Out of the box, my client's two new 7320 controller heads were one software revision behind, at 2010.Q3.4.2, so I wanted to upgrade them to the newest version of 2011.Q1.1.1. So far, so good, right? Well here was my mistake. I configured controller A via the serial interface, gave it IP numbers, went into the BUI, and did the upgrade to 2011.Q1.1.1. No problem. Now, I wanted to bring the other one up and do the same thing. However, I knew that controller B in a cluster must be in the initial, factory-reset state in order to be joined to a cluster. You can't configure it, first, or if you do, you must factory-reset it in order to join a cluster. So I bring controller B up, but I don't configure it, and I go to controller A to start the cluster setup process. Big mistake. The process starts, but because the two controllers are on two different software versions, the cluster process cannot continue. This hoses me (that's southern California slang for "messes me up"), because now controller B has started the cluster setup process, and going to the serial connection just has it hung up in a "configuring cluster" state. Rebooting it does not help, as it's still in the "configuring cluster" state once it comes back up.
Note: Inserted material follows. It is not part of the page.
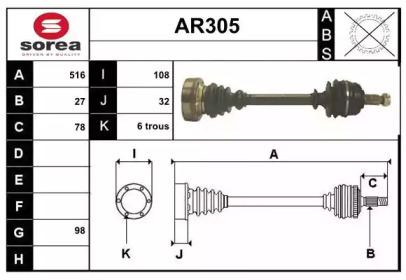 SERA AR305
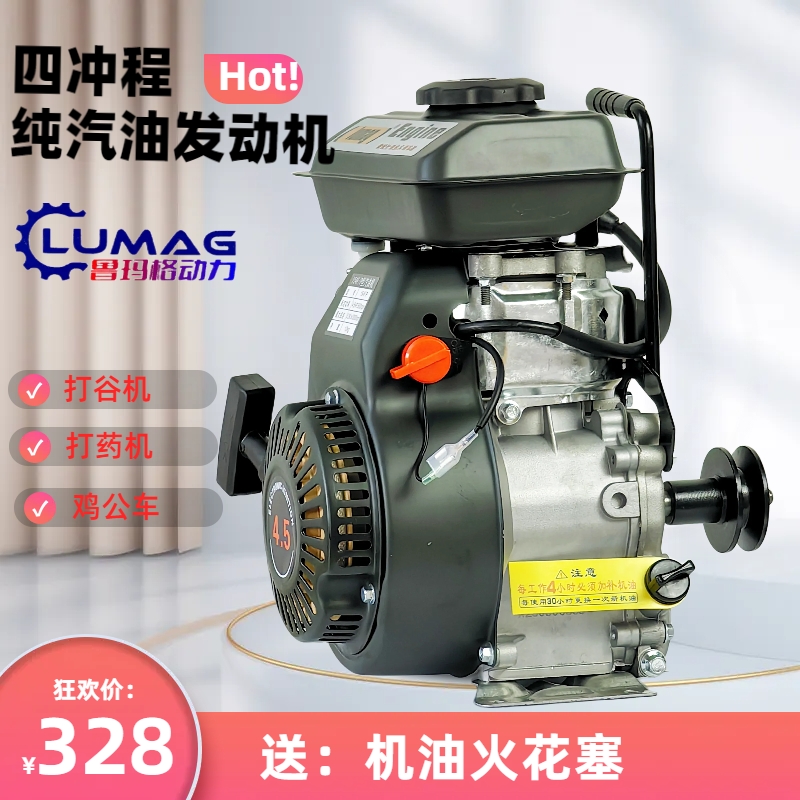 鲁玛格154F汽油发动机170F马力打谷禾机打药喷雾鸡公车空压纯汽油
So.... now I have 2 choices. I can downgrade controller
A back to 2010.Q3.4.2, or I can factory-reset controller B, bring it up as a
single controller, upgrade it to 2011.Q1.1.1, and then factory reset again, and
then finally be able to add it to the cluster via controller A's cluster setup
process. I opt for the second choice, as I do not want to downgrade controller
A, which is working just fine. Remember, controller B is currently hosed,
messed up, or wanked, depending on how you want to say it.
It's stuck. So to get it back to a state I can work with, I need to do the trick I talked about way back in this blog on May 31, 2011 (http://blogs.oracle.com/7000tips/entry/how_to_reset_passwords_on). I had to use the GRUB menu, use the -c trick on the kernel line, and reset the machine and erase all configuration on it. Now I could bring it up as a single controller, upgrade it, factory reset it, and then have it join the cluster. That all worked fine, it just took be two hours to do it all.
Here's what I should have done.
Bring up controller A, config it and log into the BUI. Now bring up controller B. Do NOT config it in any way. Using controller A, setup clustering in the cluster menu.
Once the two controllers are clustered and all is well, NOW go ahead and upgrade controller A to the latest code. Once it reboots, go ahead and upgrade controller B. Everything's fine. You see, if the cluster has already been made, it's perfectly fine to upgrade one controller at a time. The software lets you do that. The software does NOT let you setup a NEW cluster if the controllers are not on the same software level.
So that is the cluster setup safety tip of the day, kids. Have fun.